The moment I say I’m traveling with two other girls there are smiles, story swapping and all kinds of laughter and fun. Since I’m human and therefore not exactly anti-acceptance I’ve gone along with it for a while, but being the solo traveller that I naturally am, it has started to bother me. Why is it so much more societally acceptable for a woman to travel with a couple of friends than for her to travel by herself? Do we still, subconsciously, live within a world where a woman needs to be “chaperoned” in order to safely traverse the world around her?

Of course you should all know my feelings on the matter. But as an added bonus, I thought I would debunk some myths that people told me about traveling as a woman, based off of my personal experience.

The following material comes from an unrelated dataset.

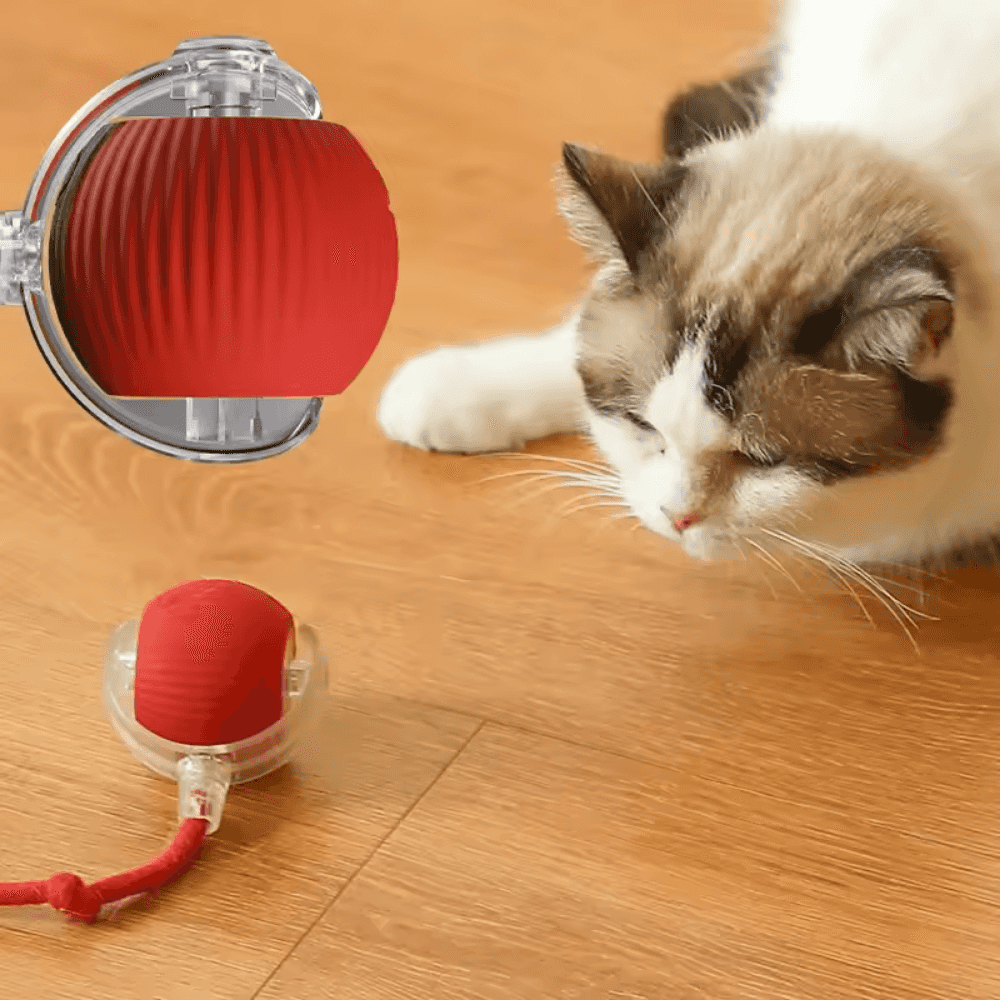 Pawzioo™  Self-Moving Cat Toy Ball – 360° Auto-Rolling, Smart Interactive Pet Ball for Indoor Cats & Small Dogs – Fast & Engaging Play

Travel Myths1. You won’t have any friends to talk or share memories with:  I’m am a pretty hard core introvert. I’m not the most outgoing person in general, but something kicks into gear when I travel. There’s something beautiful about having thousands of people around you who you don’t know, and may never see. For me, it’s so freeing, and it’s one of my favorite things to make friends with the people I meet along the way. Whether it’s meeting people in hostels, people I’m staying with or just people I meet on the road – I have some of the coolest stories based just off of the people I’ve met and adventured with. Would I have been as outgoing if I was traveling with other people? Honesty? I don’t think so.

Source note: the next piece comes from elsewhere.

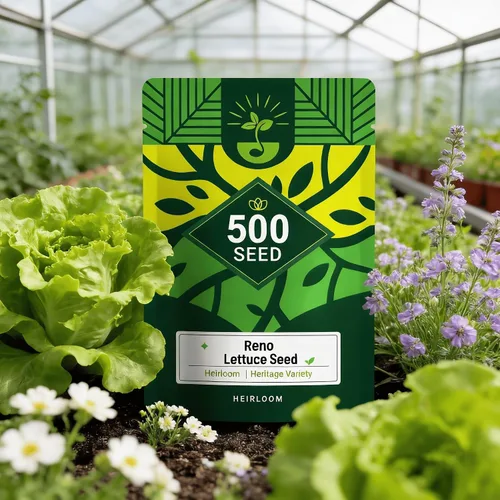 Vista 8 de 5000 semillas de lechuga Buttercrunch para plantar, semillas de vegetales de temporada fría sin OMG para cultivo hidropónico y suelo, lechuga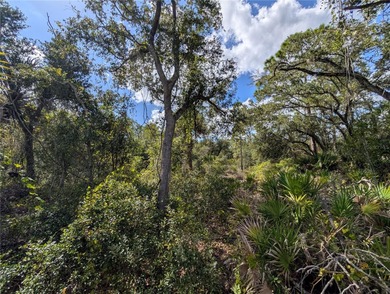 Port Charlotte Waterway Lakes Area Lot For Sale in Port Charlotte Florida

2.  You’ll get lost and never be able to find your way back. When I travel, I don’t have an iPhone that works outside of Wifi, I don’t have any special GPS or anything magical that makes me able to travel flawlessly. Sometimes I get lost, and sometimes I get to make new friends just by asking for directions. Those are some of the beautiful aspects of travel, though! And you would be surprised how much you learn about map reading when it’s your only way of getting around! I know – sounds like something our parents did, but traveling without any kind of help has always worked beautifully for me (no horror stories to tell). If you’re really bothered, you can always pay a small amount of money for a personal GPS, as well.

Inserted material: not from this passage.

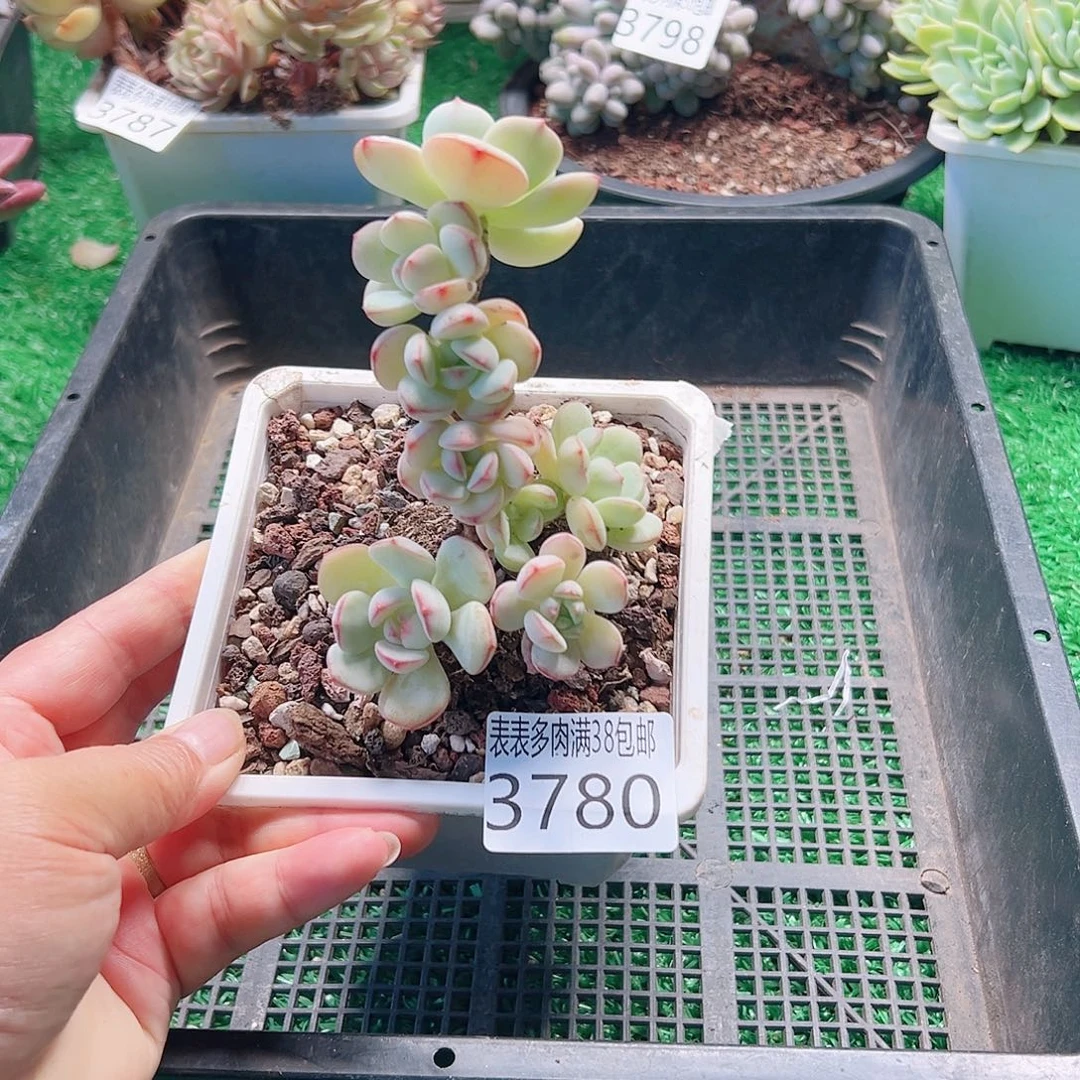 无花朵多肉一物一拍植物3780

3. It’s dangerous. Here’s some news – life is dangerous. And if you live cowering in a corner, you’ll never experience some of the most beautiful moments. I live by a mantra: Don’t be scared, be prepared. Research, research, research! Know about the country and culture – know about the people and the places you’re going to. The safest I’ve ever felt is having plans (even if I throw them out in the end). This is also a great opportunity to make friends when you travel! Having people know you, is a great way to make sure you have a contact if something does happen.

4. You won’t get as much out of the experience: Like I said, I’ve been on some pretty epic adventures in my time. I’ve never regretted traveling alone, and while I would never discourage traveling with friends, I would definitely say don’t wait to travel just because you can’t find people to go with. I waited two years for people to go with me on a backpacking trip and I regret that SO MUCH – as soon as I actually bought my ticket and went on my trip it was amazing to see how many of my friends started getting interested in traveling more. Be a leader! Take a step forward and embrace the adventures that are waiting for you!

5. Something will go wrong/you’ll die: It always amazes me how many people told me of how my travel adventures would result in my untimely death. Obviously, I’m not dead yet. And the thing about this myth is that life is never guaranteed to us, no matter how carefully we live it. If I die while traveling, I will die doing something I love with every ounce of my being (not a bad way to go). And statistically speaking, travel adventures are a lot less likely to land you in the morgue than the general public seems to believe. While I do, of course support being informed, careful and vigilant when traveling, I also encourage not allowing the unfounded fear of others (especially if they aren’t speaking from any personal experience) to dictate how you live your life.